I actually just fixed it. Nope, actually I just got it working as it was. I think truly fixing it would be overhauling the program and whole setup. I am a beginner, but I'm getting the feeling that this system was designed and programmed by an amateur. All I did was switched to fan 1 in Hand, toggled bit B3:1/5. Output O:0/14 turned off, damper 2 closed. I put it in Auto and everything's working right as before.

Ask him if he still drives a horse-and-buggy! "Working like it did before" is about a 1910 Model T version. One reason you have this problem now is that it "worked like it did before".

You don't understand. I wish I could explain but I can't. All I can say is that we're a small company and things are on the edge right now. Improving this system is the LEAST of his worries right now.

 

[Lancie1]

Yes, I do understand. Been there, done that. You explained one reason that things are on the edge right now, just reversed:

This "Improving this system is the LEAST of his worries right now" always leads to THIS in a small company: "things are on the edge right now." It has always been so.
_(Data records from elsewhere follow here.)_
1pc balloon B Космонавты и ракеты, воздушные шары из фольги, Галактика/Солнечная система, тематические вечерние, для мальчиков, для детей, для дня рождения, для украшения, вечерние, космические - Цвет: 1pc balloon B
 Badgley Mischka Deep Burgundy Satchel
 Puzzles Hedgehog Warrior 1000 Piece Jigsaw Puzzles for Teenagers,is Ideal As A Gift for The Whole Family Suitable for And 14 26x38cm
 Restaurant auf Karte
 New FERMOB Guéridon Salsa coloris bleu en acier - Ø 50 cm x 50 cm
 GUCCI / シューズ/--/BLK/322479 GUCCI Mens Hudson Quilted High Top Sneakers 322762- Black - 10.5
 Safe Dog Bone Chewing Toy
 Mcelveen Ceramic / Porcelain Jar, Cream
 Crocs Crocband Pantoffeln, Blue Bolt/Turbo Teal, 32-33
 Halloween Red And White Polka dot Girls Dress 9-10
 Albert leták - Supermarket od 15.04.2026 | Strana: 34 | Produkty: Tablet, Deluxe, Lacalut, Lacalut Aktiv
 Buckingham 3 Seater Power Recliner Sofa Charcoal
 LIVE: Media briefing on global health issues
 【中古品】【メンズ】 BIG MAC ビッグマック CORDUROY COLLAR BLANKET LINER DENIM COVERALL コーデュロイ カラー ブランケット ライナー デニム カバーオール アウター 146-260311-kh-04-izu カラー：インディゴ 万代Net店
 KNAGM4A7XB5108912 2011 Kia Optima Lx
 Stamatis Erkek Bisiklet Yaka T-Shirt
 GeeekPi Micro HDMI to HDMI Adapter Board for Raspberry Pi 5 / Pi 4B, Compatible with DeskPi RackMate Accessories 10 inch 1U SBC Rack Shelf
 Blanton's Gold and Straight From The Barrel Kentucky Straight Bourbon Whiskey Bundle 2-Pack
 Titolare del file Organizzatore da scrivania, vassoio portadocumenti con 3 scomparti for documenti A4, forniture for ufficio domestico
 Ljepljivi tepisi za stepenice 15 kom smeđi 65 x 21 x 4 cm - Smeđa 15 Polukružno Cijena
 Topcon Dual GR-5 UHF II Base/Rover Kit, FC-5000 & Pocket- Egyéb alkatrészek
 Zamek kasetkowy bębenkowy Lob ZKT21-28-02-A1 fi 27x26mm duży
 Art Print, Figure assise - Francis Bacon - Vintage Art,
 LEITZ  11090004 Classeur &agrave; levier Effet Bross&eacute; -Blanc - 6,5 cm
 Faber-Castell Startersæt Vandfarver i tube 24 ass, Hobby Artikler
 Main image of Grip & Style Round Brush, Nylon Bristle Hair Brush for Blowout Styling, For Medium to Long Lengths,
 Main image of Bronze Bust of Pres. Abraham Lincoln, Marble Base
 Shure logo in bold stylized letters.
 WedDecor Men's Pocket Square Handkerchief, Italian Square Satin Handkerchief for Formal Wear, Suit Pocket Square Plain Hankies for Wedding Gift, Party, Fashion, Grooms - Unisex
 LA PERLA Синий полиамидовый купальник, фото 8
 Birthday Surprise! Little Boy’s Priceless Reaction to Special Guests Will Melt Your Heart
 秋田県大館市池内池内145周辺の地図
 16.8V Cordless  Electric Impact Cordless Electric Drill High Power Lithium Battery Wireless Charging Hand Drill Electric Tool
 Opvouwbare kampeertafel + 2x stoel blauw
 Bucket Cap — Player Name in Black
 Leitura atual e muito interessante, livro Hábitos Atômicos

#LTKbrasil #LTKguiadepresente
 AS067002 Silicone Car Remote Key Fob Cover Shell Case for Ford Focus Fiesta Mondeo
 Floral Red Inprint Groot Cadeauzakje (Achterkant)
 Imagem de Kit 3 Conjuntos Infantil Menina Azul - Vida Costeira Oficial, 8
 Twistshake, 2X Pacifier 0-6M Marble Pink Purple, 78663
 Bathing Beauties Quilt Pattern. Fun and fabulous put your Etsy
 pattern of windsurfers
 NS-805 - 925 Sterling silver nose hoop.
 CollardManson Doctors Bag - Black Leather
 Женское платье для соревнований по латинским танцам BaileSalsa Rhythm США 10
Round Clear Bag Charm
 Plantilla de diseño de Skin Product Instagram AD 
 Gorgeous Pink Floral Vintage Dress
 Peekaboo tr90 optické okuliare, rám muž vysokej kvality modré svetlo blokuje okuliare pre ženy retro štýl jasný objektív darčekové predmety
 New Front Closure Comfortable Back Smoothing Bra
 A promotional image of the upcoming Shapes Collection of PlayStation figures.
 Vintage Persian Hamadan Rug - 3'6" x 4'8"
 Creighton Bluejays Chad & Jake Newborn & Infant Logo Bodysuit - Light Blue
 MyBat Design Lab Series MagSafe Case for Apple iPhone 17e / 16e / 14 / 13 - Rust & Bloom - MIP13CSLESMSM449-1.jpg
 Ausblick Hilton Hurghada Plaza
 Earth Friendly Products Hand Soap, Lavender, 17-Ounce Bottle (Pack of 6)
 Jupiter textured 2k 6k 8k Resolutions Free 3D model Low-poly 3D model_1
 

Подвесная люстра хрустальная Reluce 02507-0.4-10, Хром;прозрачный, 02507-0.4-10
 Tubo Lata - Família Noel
Things never get off the edge because the owner has blinders when it comes to ceratin things: spends money like a drunken sailor on stuff he could do without, but refuses to spend any time or money on stuff that has hurt the business.

All I did was switched to fan 1 in Hand, toggled bit B3:1/5. Output O:0/14 turned off, damper 2 closed. I put it in Auto and everything's working right as before.

This is a very good illustration of "why NOT to use latched relay bits" inside a PLC program. Probably bit B3:1/5 got "orphaned" (left on) during the power blink. After that it was never going to work right unless you somehow unlatched that bit. This is just poor logic, but it is used all too often by beginners and inexperienced programmers.

The air flow sensor goes to a PLC input. The PLC output controls the contactor which in turn controls the relay. This is the ONLY communication the PLC has with the VFDs.

This scheme is nominated for today's Rube Goldberg award!
http://en.wikipedia.org/wiki/Rube_Goldberg_machine

Mtn, We can't rewire it and delete those unneeded contactors, but we here at PLCTalk could help you rewrite the program and clean it up. That would at least be some improvement, and probably would prevent the same problem during the next power blink.